Born in 1940, Uwe Nettlebeck was a left wing journalist and critic who was one of the mouthpieces of this new mood of dissent – he had briefly worked on konkret, the same magazine for which future terrorist Ulrike Meinhof also wrote.  He was also conscious of a new awakening in German underground music.  Nettlebeck put together members of two groups, Nukleus and Campylognatus Citelli - and merged them into one, Faust.  The name Faust was a reference both to the pact-making Doctor and the German word for ‘fist’, as demonstrated on the extraordinary x-ray cover of their self-titled debut album (released on clear transparent vinyl). 

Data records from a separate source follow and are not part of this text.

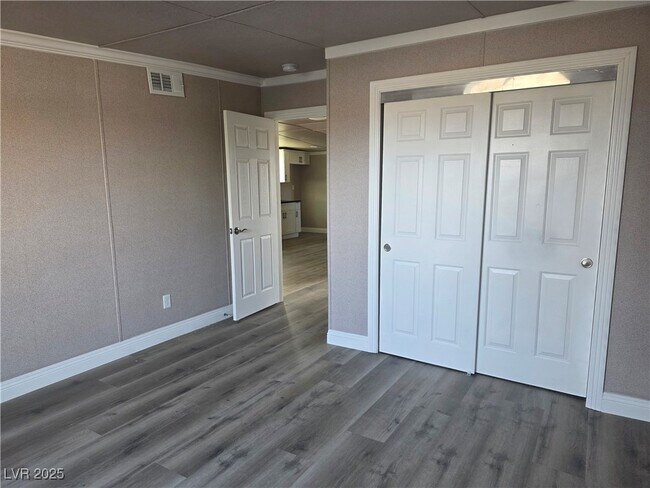 Building Photo - 1611 E Gamebird Rd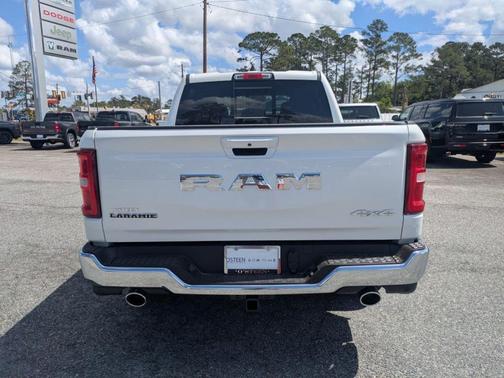 Ivory White Tri-Coat Pearl 2026 RAM 1500 Laramie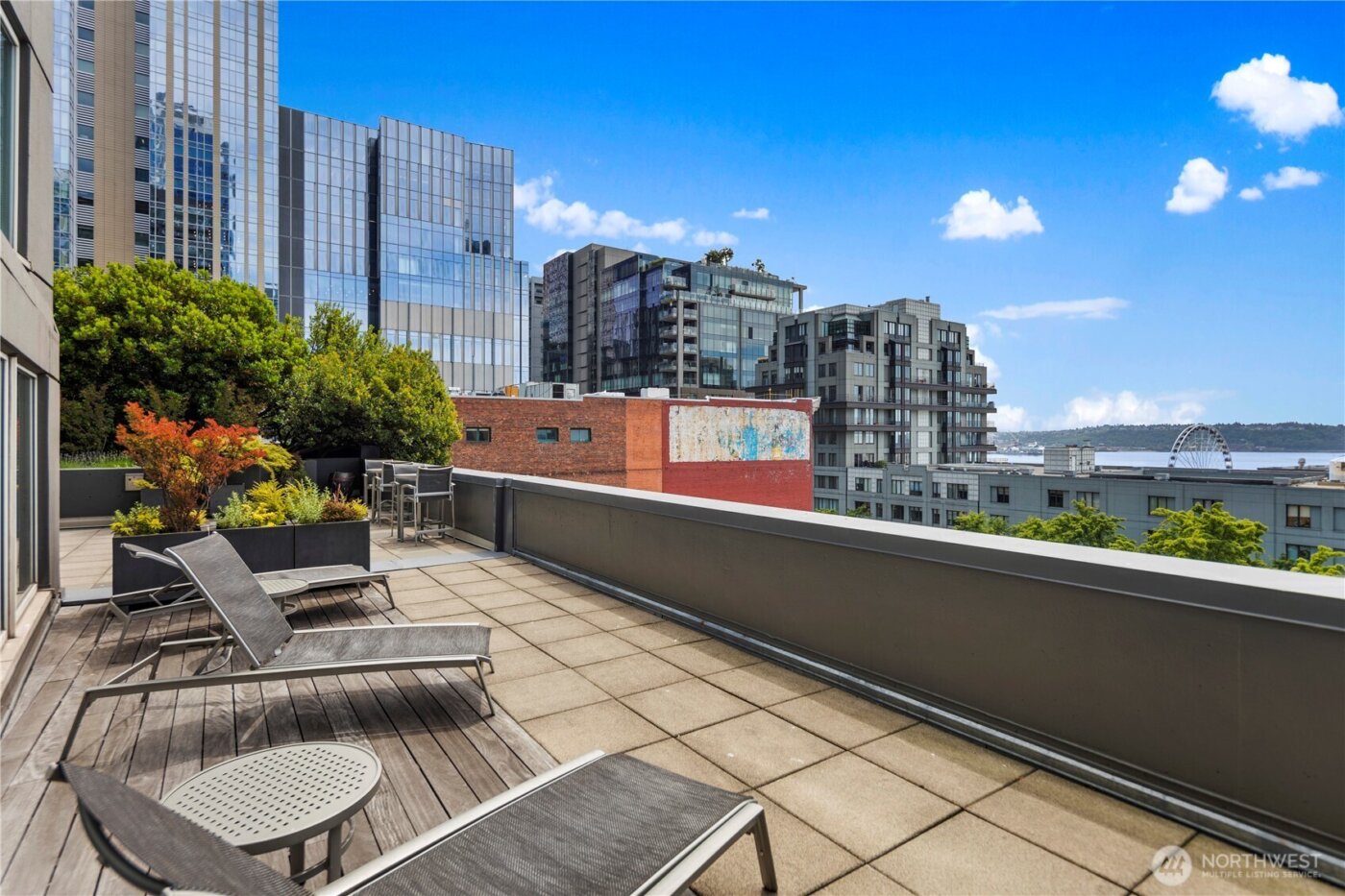 1415 2nd Avenue #1106, Seattle, WA 98101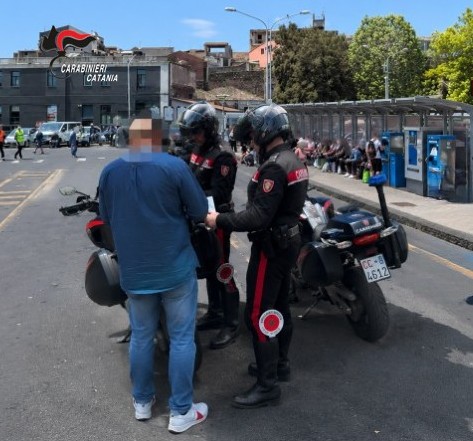 Catania, importuna automobilisti nel parcheggio: aveva già divieto di accesso in città, denunciato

After recording three albums for Polydor with limited success, the band had been dropped but they managed to secure a deal with Virgin Records, then a fledgling outlet for music that was largely regarded as somehow outré or avant-garde, the home for Art Rock in its multifarious forms.  Virgin MD Richard Branson (with whom the band did not get on) was unwilling to pay the kind of advance that Nettlebeck had prised from Polydor, but countered that with an offer for the band to record at the Virgin-owned, state-of-the-art recording facility at Manor Studios, where they could actually reside whilst recording.  And so came Faust IV, their first album proper for Virgin, released in September, 1973.

As seems somewhat par for the Faust course, the story starts to get messy.  Nettlebeck intervened, compiling what would be the finished IV album from the Manor sessions (as well as from some previous sessions in Wumme, Germany), without involving the band, which impelled founder-members Hans-Joachim Irmler and Rudolf Sosna to leave the fold.  The remaining members – Jean-Hervé Peron, Zappi Diermaier and Gunther Wustoff – were to recruit members of Slapp Happy and Guru Guru to supplement the band for their touring commitments to promote the ‘IV’ album on its eventual release.  This may suggest that the album is, in some way, a disjointed, random, unfocused and ill-conceived mess but it is, in fact, a far more accomplished and coherent recording than its troubled birth infers. 

Although Faust IV was a failure, sales-wise, and the band were soon to be dropped by Virgin, the album has only grown in stature and appreciation in the years since its initial release.  Its often brittle, often witty, and always engrossing soundscape continues to enchant, despite the passing years.  Like many innovative recordings – such as Trout Mask Replica by Captain Beefheart, or  A Wizard, A True Star by Todd Rundgren, it is not something you would necessarily play every day, but a few times a year, only it will do.